Читаем 1945 полностью

"Both the Queen Elizabeth and the Queen Mary have been leased to us by Britain's Cunard Line and neither has ever sailed with an escort. They are so fast that most warships simply couldn't keep up with them, and they certainly were able to outrace any submarine. They've made numerous trips across the Atlantic to England and made them without any U-boat attacks, and with even greater numbers of GIs on board. The U-boats were always a much greater menace to shipping than any submarines the Japanese sent out." Marshall didn't add that both he and King thought that virtually all the Jap submarines had been sunk.

"So what happened this time? Did we just run out of luck?"

"It appears that the Queen Elizabeth was guilty of nothing more than stumbling on a waiting Jap I-boat." He added that there would be no further solitary sailings. The fully laden Queen Mary had been recalled to San Francisco. "After all is said and done, bad luck and a mechanical problem with the ship's sonar may be the answer."

"And, after all is said and done," Truman said, unconsciously mimicking Marshall, "how many young Americans are dead?"

Marshall started to answer, but his voice broke with pent-up emotion. He took a deep breath and tried again. "There were just over fourteen thousand unassigned army replacements on the ship. While rescue efforts are still continuing, we have picked up only a little more than two thousand of them, and a lot of them are in pretty bad shape. Admirals Nimitz and King hold out little hope that we will find more than a few more men alive. Rescue ships have plucked several hundred bodies from the waters and will continue that aspect of the recovery effort."

Truman winced. "And if it wasn't for the broadcast from the Jap sub, we wouldn't have yet missed her, would we?"

The killer of the Queen Elizabeth had been identified through his broadcast report as Comdr. Mochitsura Hashimoto and the sub as the I-58. Hashimoto and the I-58 had destroyed the Indianapolis only a few months earlier in circumstances that were chillingly similar.

"General, is this Hashimoto a war criminal?" Truman asked. "Can we promise the American public the satisfaction of a hanging in return for this disaster?"

Marshall again wished that a naval officer was present to respond. "The Queen Elizabeth was a legitimate target and he was under no compulsion to warn her, or do anything else that might have endangered himself. His actions were similar to what many of our own submariners are doing in their actions against Japanese shipping. In fact, Hashimoto may have saved a lot of lives by broadcasting his triumph in the clear, without any encoding. He gave the precise location of the sinking, which was highly unusual. Since the Queen Elizabeth's radio was knocked out within minutes of being hit, that transmission was our only real knowledge of where to begin looking."

Truman had wondered about that as well. "Do you think he did that on purpose to help us get those boys out of the water, or was he trying to show off and rub it in?"

"I don't know. Although rather unlikely, it is just possible that he was trying to save lives by the time he sent his message. If the war ever ends, we might have a chance to ask him."

Truman stood and looked out the window behind his desk. "I'm curious. England had any number of ports where a liner full of soldiers could disembark troops, while we don't yet hold a single good-sized Japanese port. Just where on earth was the Queen Elizabeth going to dock and unload all those troops?"

"She was going to reach a point off Japan where she would be surrounded by a horde of destroyers to protect her. LSTs and other smaller craft would swarm around her, and men would disembark directly onto them. As Nimitz's boys had it planned and rehearsed, the Queen Elizabeth would be emptied in a few hours and be back on her way to Hawaii or California."

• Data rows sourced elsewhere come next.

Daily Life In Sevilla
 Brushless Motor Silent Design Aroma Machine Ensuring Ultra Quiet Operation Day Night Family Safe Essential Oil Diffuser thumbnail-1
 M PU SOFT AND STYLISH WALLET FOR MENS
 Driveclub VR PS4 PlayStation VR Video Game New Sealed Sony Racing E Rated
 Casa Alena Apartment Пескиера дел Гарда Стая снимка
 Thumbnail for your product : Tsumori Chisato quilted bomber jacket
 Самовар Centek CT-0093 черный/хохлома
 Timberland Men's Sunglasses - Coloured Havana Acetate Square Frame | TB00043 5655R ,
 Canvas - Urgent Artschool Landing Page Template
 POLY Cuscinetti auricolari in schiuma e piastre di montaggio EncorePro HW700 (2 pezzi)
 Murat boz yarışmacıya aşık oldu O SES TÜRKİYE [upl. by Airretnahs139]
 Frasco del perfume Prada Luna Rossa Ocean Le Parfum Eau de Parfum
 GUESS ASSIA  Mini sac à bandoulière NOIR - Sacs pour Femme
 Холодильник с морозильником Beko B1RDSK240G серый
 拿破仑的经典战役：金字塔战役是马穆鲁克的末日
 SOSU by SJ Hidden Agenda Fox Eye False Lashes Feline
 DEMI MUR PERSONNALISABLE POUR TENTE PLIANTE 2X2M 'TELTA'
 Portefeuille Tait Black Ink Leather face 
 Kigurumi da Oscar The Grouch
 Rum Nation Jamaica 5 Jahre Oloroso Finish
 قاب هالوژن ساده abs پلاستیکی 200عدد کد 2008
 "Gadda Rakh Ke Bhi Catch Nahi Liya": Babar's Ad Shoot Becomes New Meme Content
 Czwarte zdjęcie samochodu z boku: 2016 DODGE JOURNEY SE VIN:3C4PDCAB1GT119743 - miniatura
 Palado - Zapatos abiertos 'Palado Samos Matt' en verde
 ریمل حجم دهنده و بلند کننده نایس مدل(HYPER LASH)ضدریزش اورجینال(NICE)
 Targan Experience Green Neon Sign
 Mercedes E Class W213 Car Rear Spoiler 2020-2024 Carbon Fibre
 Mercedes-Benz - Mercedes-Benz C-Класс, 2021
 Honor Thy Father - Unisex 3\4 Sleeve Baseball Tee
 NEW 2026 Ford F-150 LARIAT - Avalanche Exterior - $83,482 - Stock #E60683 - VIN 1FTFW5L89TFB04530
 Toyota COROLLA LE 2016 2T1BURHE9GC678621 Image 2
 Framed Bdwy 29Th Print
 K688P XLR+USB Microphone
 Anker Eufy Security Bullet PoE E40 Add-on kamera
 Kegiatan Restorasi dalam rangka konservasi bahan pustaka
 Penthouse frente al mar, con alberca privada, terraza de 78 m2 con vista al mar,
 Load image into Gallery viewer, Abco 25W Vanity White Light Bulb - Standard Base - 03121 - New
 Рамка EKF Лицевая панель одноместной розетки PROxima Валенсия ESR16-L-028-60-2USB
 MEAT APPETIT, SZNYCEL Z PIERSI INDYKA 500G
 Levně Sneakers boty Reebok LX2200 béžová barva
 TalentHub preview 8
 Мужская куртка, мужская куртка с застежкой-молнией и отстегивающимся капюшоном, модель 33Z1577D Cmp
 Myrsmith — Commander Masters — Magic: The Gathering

But it hadn't gone as planned and almost twelve thousand American boys had been drowned. So far, they'd managed to keep news of the catastrophe out of the newspapers and off the radio. Just how much longer this could keep up was debatable. A few days was the best guess. With the earlier crises of the war behind them, many reporters and correspondents were openly chafing against what they felt was unnecessary government censorship. Several papers had already announced that they would no longer abide by censorship rules, and the attorney general had told Truman that there really wasn't much the government could do about it. Prosecuting newspapers would be politically disastrous and might not result in a favorable verdict in the courts.